Commit graph

18 commits

Author SHA1 Message Date
Matt Turner
b541945c20 i965/fs: Unpack count argument to 64-bit shift ops on Atom
64-bit operations on Atom parts have additional restrictions over their
big-core counterparts (validated by later patches).

Specifically, the restriction that "Source and Destination horizontal
stride must be aligned to the same qword" is violated by most shift
operations since NIR uses a 32-bit value as the shift count argument,
and this causes instructions like

   shl(8)          g19<1>Q         g5<4,4,1>Q      g23<4,4,1>UD

where src1 has a 32-bit stride, but the dest and src0 have a 64-bit
stride.

This caused ~4 pixels in the ARB_shader_ballot piglit test
fs-readInvocation-uint.shader_test to be incorrect.

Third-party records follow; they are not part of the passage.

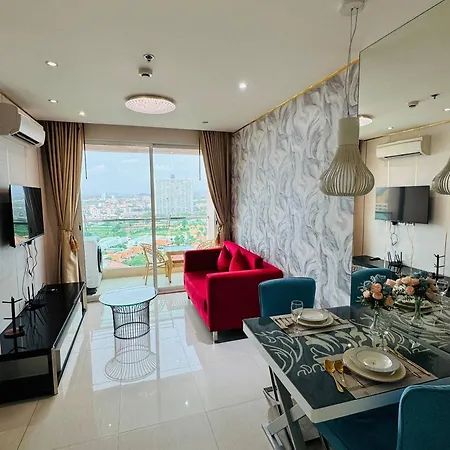 Style Near High Floor Apartment *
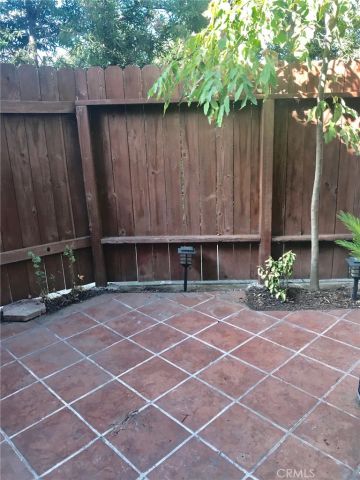 17807 Devonshire Street 4, Northridge, CA 91325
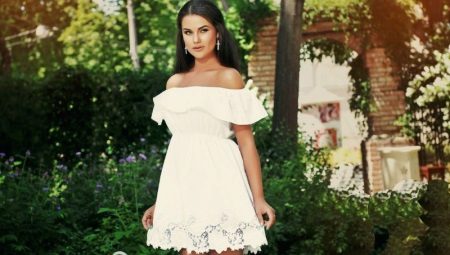 Sundresses aux épaules ouvertes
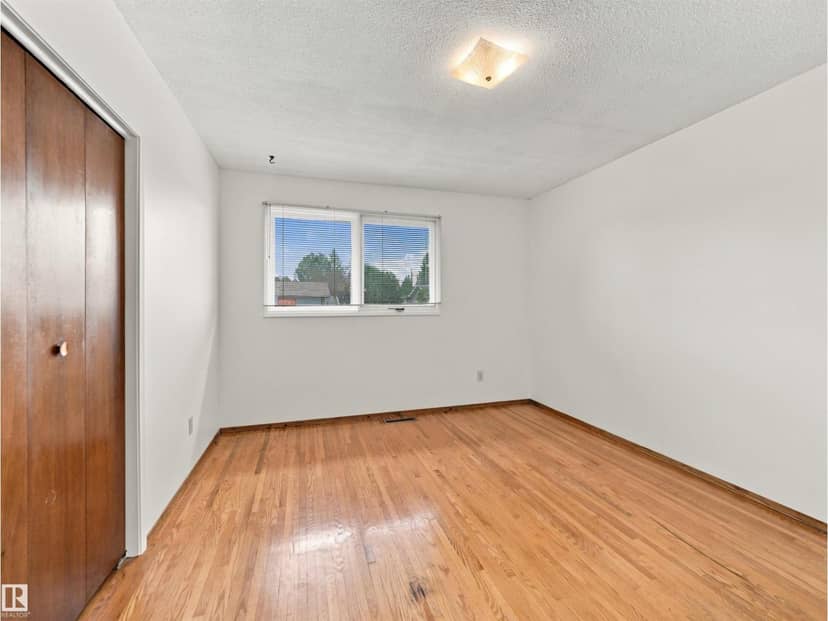11519 38 AV NW NW — photo 15 of 34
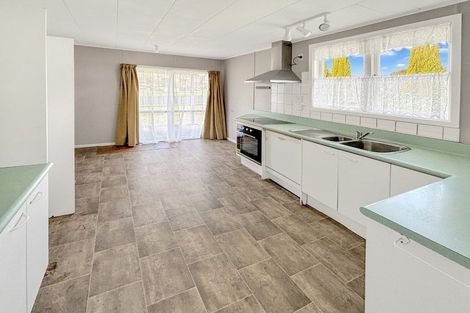 Photo of property in 98 Arawa Crescent, Tokoroa, 3420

Unfortunately no
ARB_gpu_shader_int64 test hit this case because they operate on
uniforms, and their scalar regions are an exception to the restriction.

We work around this by effectively unpacking the shift count, so that we
can read it with a 64-bit stride in the shift instruction. Unfortunately
the unpack (a MOV with a dst stride of 2) is a partial write, and cannot
be copy-propagated or CSE'd.

Bugzilla: https://bugs.freedesktop.org/101984
2017-10-04 14:08:54 -07:00
Iago Toral Quiroga
47e527bd81 i965/fs: force pull model for 64-bit GS inputs
Triggering the push model when 64-bit inputs are involved is not easy due to
the constrains on the maximum number of registers that we allow for this mode,
however, for GS with 'points' primitive type and just a couple of double
varyings we can trigger this and it just doesn't work because the
implementation is not 64-bit aware at all. For now, let's make sure that we
don't attempt this model whith 64-bit inputs and we always fall back to pull
model for them.

Also, don't enable the VUE handles in the thread payload on the fly when we
find an input for which we need the pull model, this is not safe: if we need
to resort to the pull model we need to account for that when we setup the
thread payload so we compute the first non-payload register properly. If we
didn't do that correctly and we enable it on-the-fly here then we will end up
VUE handles on the first non-payload register which will probably lead to
GPU hangs. Instead, always enable the VUE handles for the pull model so we
can safely use them when needed. The GS is going to resort to pull model
almost in every situation anyway, so this shouldn't make a significant
difference and it makes things easier and safer.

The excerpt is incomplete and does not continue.